Auch die Firma Peter-Bräu in der verschlafenen Gemeinde Ostheim in Bayern war faktisch pleite. Dann brachten die Inhaber die Kult-Marke Bionade auf den Markt und starteten durch. Vor einigen Jahren übernahm die Radeberger-Gruppe und damit der Oetker-Konzern das Unternehmen.

Der Autor erzählt aber nicht nur die Erfolgsgeschichten von bekannten und weniger bekannten Unternehmen. Er geht im ersten Teil seines Buches vor allem der Frage nach, weshalb „schräge Ideen“ so erfolgreich sind, und kommt unter anderem zu folgenden Erkenntnissen: „Schräge Ideen“ sind erfolgreich, weil sie meist sehr nahe am Markt entstehen und Alltagsprobleme lösen. Ihre Schöpfer kennen ihre Zielgruppe meist sehr genau und gehören ihr oft sogar selbst an. Überdies entstehen „schräge Ideen“ selten am Reißbrett, sondern eher spontan. Ihre Schöpfer sind emotional eng mit ihnen verbunden und investieren neben Geld und Zeit vor allem viel Leidenschaft. Schließlich sind solche Ideen nicht selten einzigartig, und ihre Schöpfer können zu „First movers“ auf den Märkten werden.

Darüber hinaus liefert Michael Brückner seinen Lesern einen „Erfolgs-Navi“, wie er es nennt, um mit unkonventionellen Strategien zum Ziel zu kommen. Er richtet sich nicht nur an Unternehmer und Existenzgründer, sondern gleichermaßen an Mitarbeiter in Unternehmen, die für kreative Ideen offen sind.
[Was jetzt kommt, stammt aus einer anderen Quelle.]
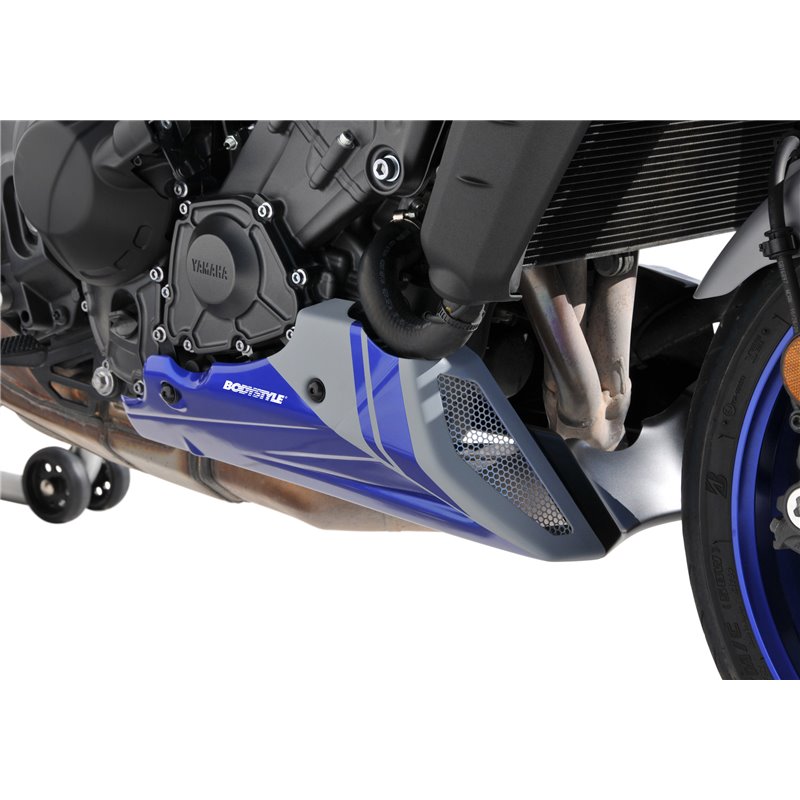 Bodystyle BellyPan | Yamaha MT-09 | blue/gray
„Märkte sind hungrig. Gesättigt sind die Manager“

Der Autor outet sich als Anhänger von Schumpeters Prinzip der „schöpferischen Zerstörung“, weil nicht immer gut sein muss, was lange währt. Insofern glaubt Brückner auch nicht an gesättigte Märkte. „Es gibt keine gesättigten Märkte. Märkte sind immer hungrig. Gesättigt sind nur manche Manager“, schreibt Brückner. Komplexität und das bei manchen Marketing-Chefs vorherrschende „verkopfte Denken“ sind nach Ansicht Brückners klassische Kreativitäts-Blocker. Mit manchen Tipps positioniert sich Brückner selbst gegen den Mainstream. Zum Beispiel, wenn er davor warnt, die Social Media zu überschätzen.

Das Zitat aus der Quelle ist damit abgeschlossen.